Initialize a NodePieceMLPForVertexClassification. Initializes the model.

Parameters:

  • num_layers (int): The total number of layers in your model.

  • out_dim (int): The output dimension of the model, a.k.a. the number of classes in the classification task.

  • hidden_dim (int): The hidden dimension of your model.

  • vocab_size (int): The number of tokens produced by NodePiece. Can be accessed via the dataloader using loader.num_tokens.

  • sequence_length (int): The number of tokens used to represent a single data instance. Is the sum of max_anchors and max_relational_context defined in the dataloader.

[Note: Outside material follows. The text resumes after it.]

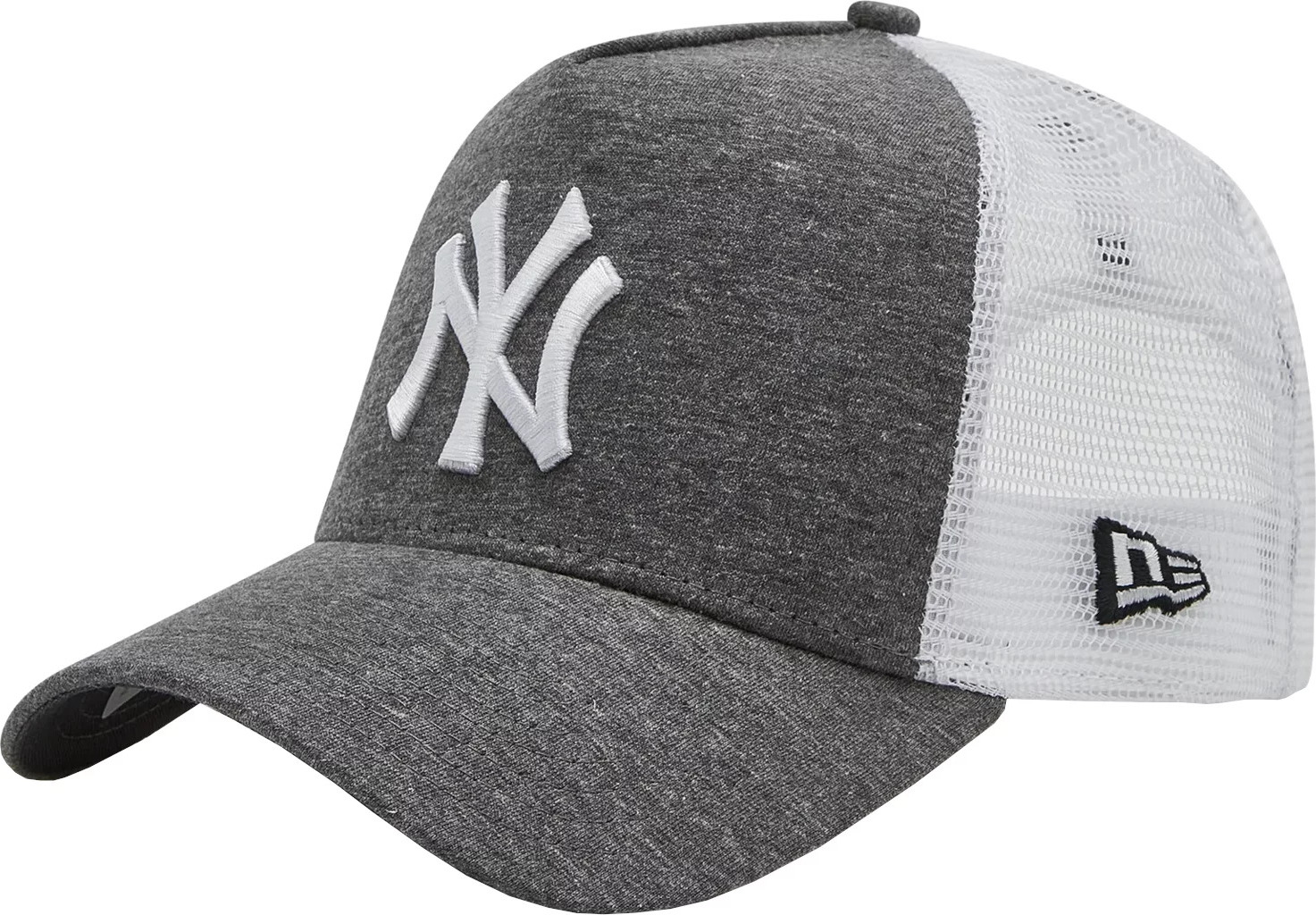 TMAVĚ ŠEDÁ PÁNSKÁ KŠILTOVKA NEW ERA JERSEY ESS 9FORTY NEW YORK YANKEES TRUCKER CAP 12523898 Velikost: ONE SIZE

  • embedding_dim (int): The dimension to embed the tokens in.

  • dropout (float): The percentage of dropout to be applied after every layer of the model (excluding the output layer).

  • class_weights (torch.Tensor): Weight the importance of each class in the classification task when computing loss. Helpful in imbalanced classification tasks.

forward()

forward(batch, get_probs = False)

Make a forward pass.

Parameters:

  • batch: The batch of data, in the same format as the data produced by NodePieceMLPTransform

  • get_probs (bool, optional): Return the softmax scores of the raw logits, which can be interpreted as probabilities. Defaults to false.

compute_loss()

compute_loss(logits, batch, loss_fn = None)

Compute loss.

Parameters:

  • logits (torch.Tensor): The output of the model.

  • batch: The batch of data, in the same format as the data produced by NodePieceMLPTransform

  • loss_fn: A PyTorch-compatible function to produce the loss of the model, which takes in logits, the labels, and optionally the class_weights. Defaults to Cross Entropy.